The Cinderella care sector: will Prince Charming ever arrive?

The National Audit Office’s report The adult social care workforce in England provided damming evidence that “The Department of Health and Social Care is not doing enough to support a sustainable social care workforce.”

As the largest provider of learning disability care and support in the sector, we’re encouraged to see that this issue is finally getting the recognition it deserves – which we have been tirelessly lobbying for in partnership with Learning Disability Voices.

Andrew Cannon, CEO of Voyage Care, said, “I’m proud to work alongside such amazing and dedicated people who continuously go above and beyond to provide outstanding care and support despite the challenges the sector faces.

“Fairly rewarding people for their skills and experience is vital to building a sustainable workforce. Whilst underfunding makes it difficult for us to do all we would like to do on pay, we aim to find other avenues to recognise and reward staff.”

At a local level, there is clear appetite to create sustainable models of care and support that result in appropriate levels of staffing. Andrew Cannon added, “Voyage Care is committed to working in partnership with local authorities and CCGs in the face of these challenges in support of a common goal – the best possible outcomes for the people we all serve.

“It’s time for these efforts to be backed by the Government through appropriate funding.”

Striving for sector-wide quality care for people with learning disabilities

The social care sector is often perceived as predominantly elderly care, it is important to also remember the hundreds of thousands of people with learning disabilities. These people, unlike the elderly sector, usually have little to no access to private funding and rely solely on State funding.

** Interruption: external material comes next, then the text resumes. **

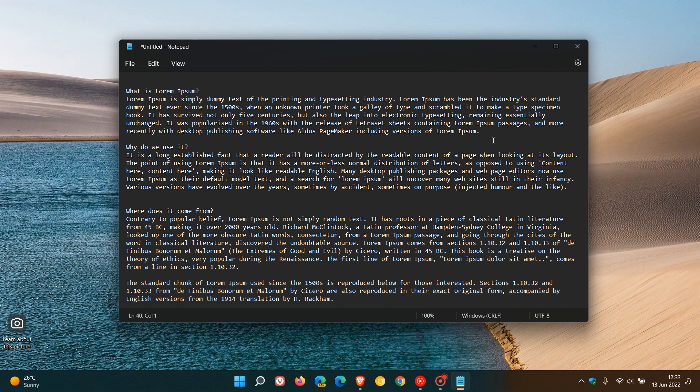Also on a side note, as I posted last week, the Notepad app in the dev channel has also received an update where it now supports native ARM64. That's possibly an update we can expect to see roll out to the stable version of Windows 11 in the near future as well.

Jayne Davey, COO of Voyage Care, said, “We are people supporting people to achieve amazing outcomes and our staff make meaningful differences to the lives of the people we support every day.

“There are so many positives about working in the social care sector that get lost in this negative narrative. We offer a career with clear development pathways, including training, vocational qualifications and we’re expanding our apprenticeships programme to attract more young people to the sector.

“We’re committed to making Voyage Care a great place to work and understand the work / life balance requirements of our diverse workforce. Therefore, we offer flexible contracts that benefit staff while avoiding zero hour contracts that offer little commitment.

“We negotiate with our suppliers to continually develop new additional rewards, benefits and wellbeing perks to our employees. It is important to us to ensure our people feel valued and invested in despite the funding pressures. Our employees are our lifeblood.

“We encourage people with caring values who are looking to be part of an amazing team who make a tangible difference to people’s lives, to get in touch with our recruitment team. Our business is growing across England, Scotland and Wales so there are new opportunities at all levels every day.”

A commitment to the people we support

While this situation clearly needs to be addressed, it is also important to recognise the continued commitment and dedication front line staff deliver on a daily basis for the people the sector supports. For them, pay is clearly important, however, a career in care means much more to them.

Amy Rowan, Voyage Care support worker of the year 2016, said, “I love my job, it is so rewarding to see the impact my support has to people’s lives. The home I work at really feels like an extension of family.”

Amy talks about winning support worker of the year 2016

Hayley Evans, Voyage Care operations manager of the year 2017, added, “ I’ve been in the sector for over 20 years – starting as a support worker – and I’ve seen it evolve in many ways for the better. The focus at Voyage Care is on providing the highest quality care and support possible in spite of funding challenges and I find it so rewarding to be part of the teams that are achieving it.”

Hayley has a secret...

“Social care cannot continue as a Cinderella service – without a valued and rewarded workforce, adult social care cannot fulfil its crucial role of supporting elderly and vulnerable people in society. Pressures and demands on the health and social care systems are increasing, so the Department needs to respond quickly to this challenge by giving the sector the attention it deserves and needs, instead of falling short and not delivering value for money.”, Amyas Morse, head of the National Audit Office, 8 February 2018.